Computers communicate with numbers, so if we want them to understand how we communicate we need to understand how language actually works and how people determine meaning.
People use a lot of emotion when they interact with each other, and determining if somebody feels positively or negatively about whatever they're talking about may seem simple for us, but for computers it's much more complex. Furthermore, humans are big fans of sarcasm, slang, and improper grammar, making the process of teaching our technology to understand what we mean even more difficult.
This process, of figuring out what people mean when they talk or write and inputting it in such a way that computers can understand and respond to, is called Sentiment Analysis. We can determine the emotion people try to convey in language by using different algorithms that analyze each word, propose potential meaning, and decide which meaning is most probable. People do this automatically, but for computers it can take a lot more time. So why do we even do it?

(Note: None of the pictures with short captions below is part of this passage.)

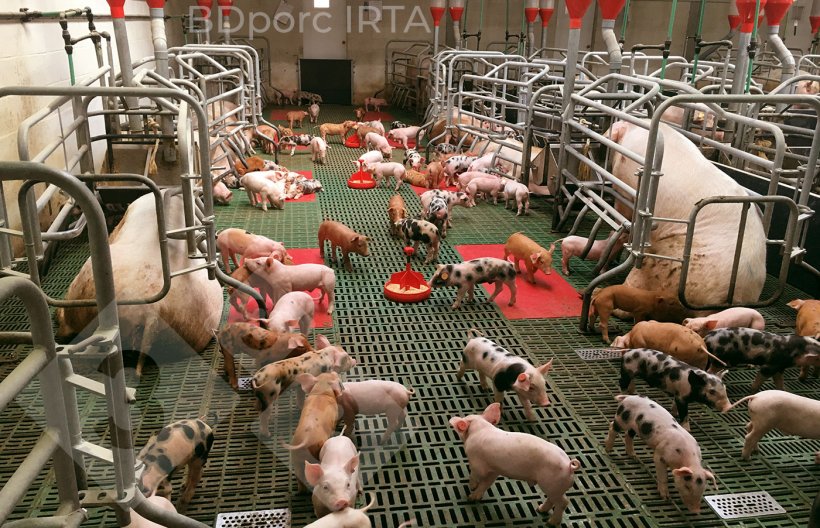 Photo 8.&nbsp;Shared lactation: piglets that are already socialized in the farrowing room will have reduced fighting and stress after weaning. Source: BDporc. IRTA

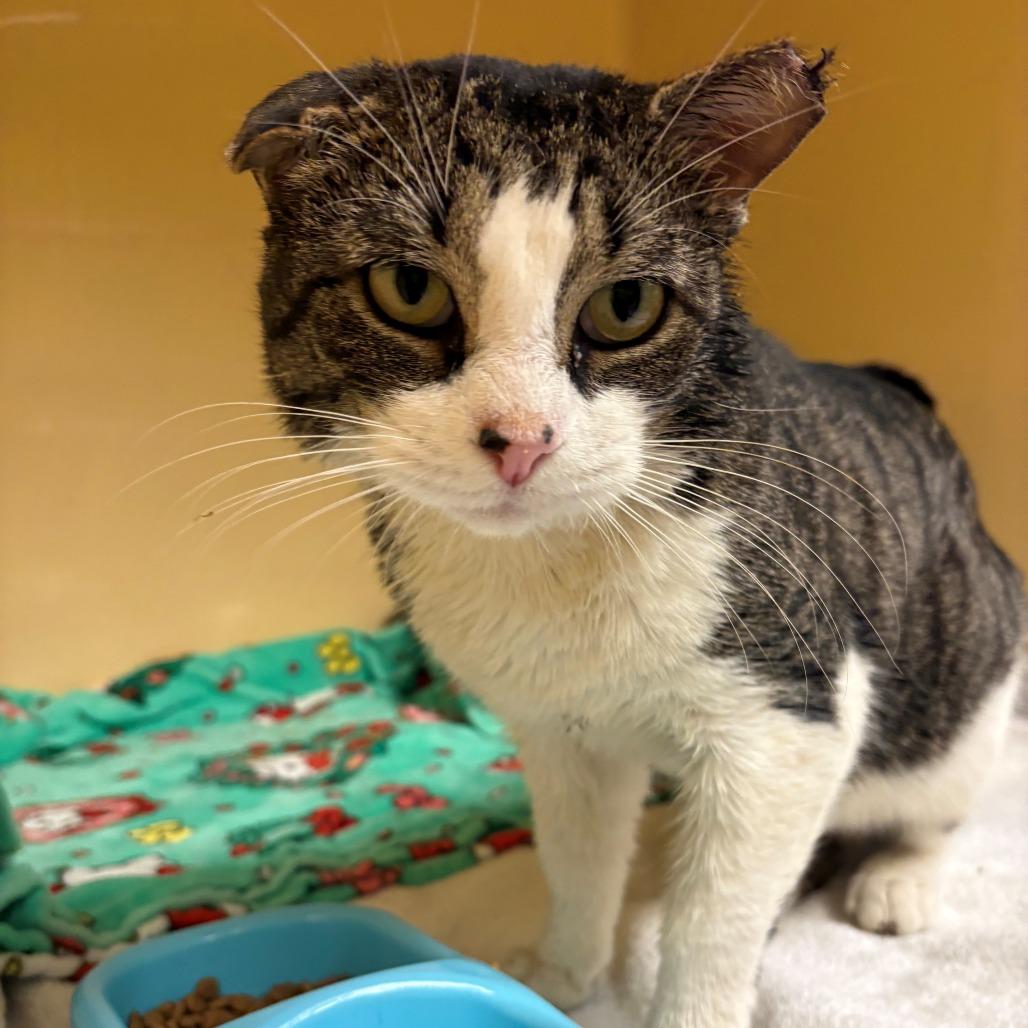 Tony the Tuna, a Adoptable Domestic Short Hair in East Hanover, NJ image 2/3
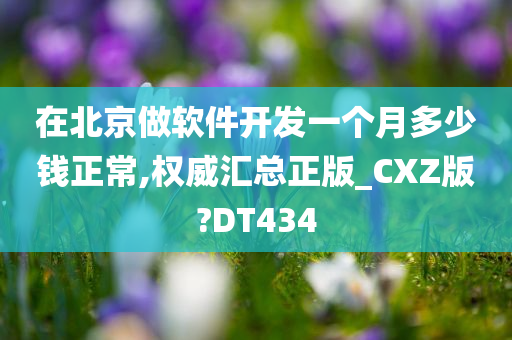 在北京做软件开发一个月多少钱正常,权威汇总正版_CXZ版?DT434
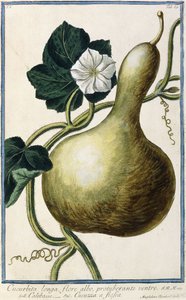 Kabak, 1772-1784 by Italian School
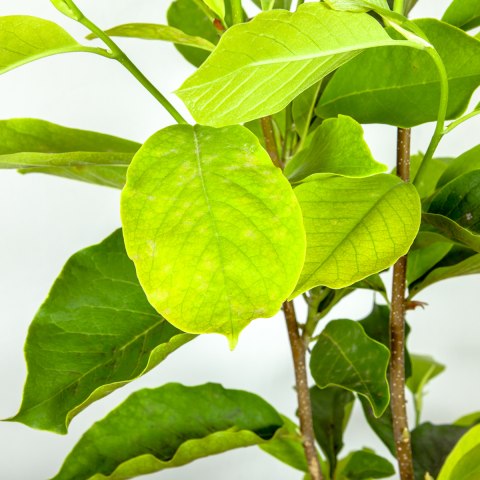 Lush Green Foliage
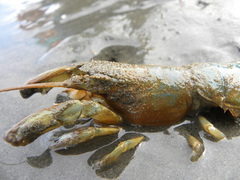 Upogebia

Computers are capable of analyzing huge amounts of data, all at the same time, which humans just can't do. By helping computers understand what we mean, they can process billions of words. This has a lot of potential: NLP and Sentiment Analysis is already used in thousands of homes with voice-activated assistants such as Amazon Alexa and Apple's Siri, but it can also be used to learn more about humans. With the ability to understand the words of millions of people on the internet, we can learn about the current state of our world and what people think about it. In the future, we may even be able to improve the world using this information.
With this in mind, we developed three projects that analyzed information from the internet. Using databases consisting of millions of tweets and thousands of articles, we used our knowledge of NLP and sentiment analysis to figure out how language is used to affect the perception of ideas and understand the implications of text created and generated by people all over the world.
We used data from Twitter to compare how positively or negatively Twitter users from different countries felt about assorted topics. To better picture this information, we created maps that are color-coordinated to reflect their residents' attitudes.
We developed an algorithm that filters out articles with a certain subjectivity rating. Basically, it only shows articles that are calculated to be as objective as possible and removes biased ones.
We gathered data from twitter to analyze the publics perceptions of a few billionaires to see whether the opinion was based on objective or subjective factors.
On the second day of the Invent the Future camp, we attended a lecture by Dr. Alona Fyshe, an expert in Natural Language Processing. She explained what NLP is, what it is so difficult, and what it is used for.
Throughout the three days we had to work on the project, we were taught and aided by our two amazing mentors, Murad Ali and Nadia Ghobadipasha. They answered all our questions and walked us through how to complete our projects, and we could have never done it without them. They're geniuses and endlessly helpful and informative.